AGPL would be a restriction if you need to deploy this model on top of PlaidML in production. It is still very useful during the training time after which the neural network can be offloaded into production framework such as tensorflow.

forresti · on May 22, 2018

Heh, I think the part of the point of PlaidML is to avoid the speed/efficiency limitations of TensorFlow in deployment/production.

masahi · on May 22, 2018

The TVM results on resnet50 and mobilenet seem a bit off.
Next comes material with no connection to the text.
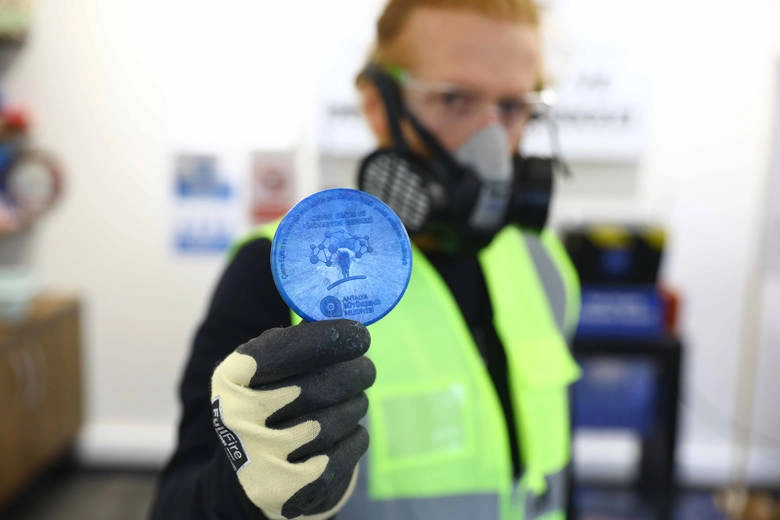 Antalya Büyükşehir Belediyesi, plastik şişelerden toplanan plastik kapakları geri dönüştürüyor.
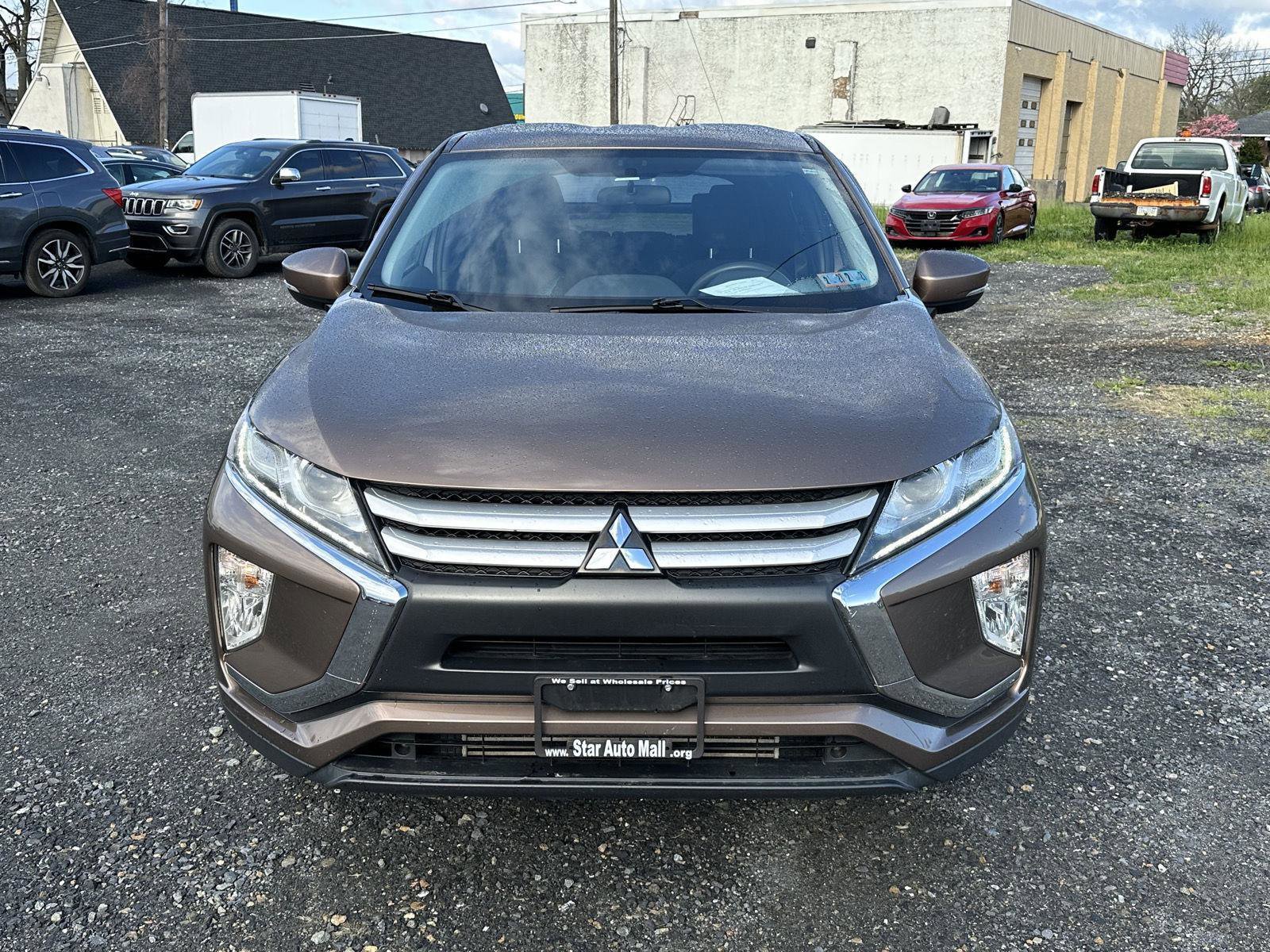 Used 2018 Mitsubishi Eclipse Cross ES image 3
On GTX 1070 Ti, with an input of size (1, 3, 224, 224)

TVM result

Resnet50 : 100 inference/sec (0.009983 sec per each run)

Mobilenet: 450 inference/sec (0.002220 sec per each run)

PlaidML result

Resnet50 : 107 inference/sec (0.009302 sec per each run)

Mobilenet: 473 inference/sec (0.002112 sec per each run)

My benchmark script for tvm is here https://gist.github.com/masahi/a386c2ce5b5f8c2d9f7af5e09a8d8...

b33pr · on May 22, 2018

Thank you so much for pointing this out. We'll get updated numbers out soon. How did you benchmark plaid, out of curiosity? The error which I correct here (https://github.com/brianretford/nnvm-rocm/blob/master/mxnet_...) was caused by a desire to roughly approximate how keras does things, and plaidbench w/ keras is the easiest way for us to evaluate things, though it definitely adds in a lot of overhead. My script roughly matches the numbers I get out of your script, though I will say that I think the TVM time_evaluator should be calling Sync on the inside of its loop, to be fair (which I patched it to do to compare against your methodology). It doesn't make a huge difference, but it does exist.

If I just pull the overall kernel runtime from our logs, I get ~525 inferences/sec.

masahi · on May 22, 2018

for plaid, I used

plaidbench keras mobilenet

plaidbench keras resnet50

time_evaluator is what tvm/nnvm folks use for benchmark. See their benchmark script here https://github.com/dmlc/nnvm/blob/master/examples/benchmark/...

hedgehog · on May 22, 2018

Thanks, I've shared this with our team to have a look. There was some subtlety to timing the right thing and it's possible we missed something.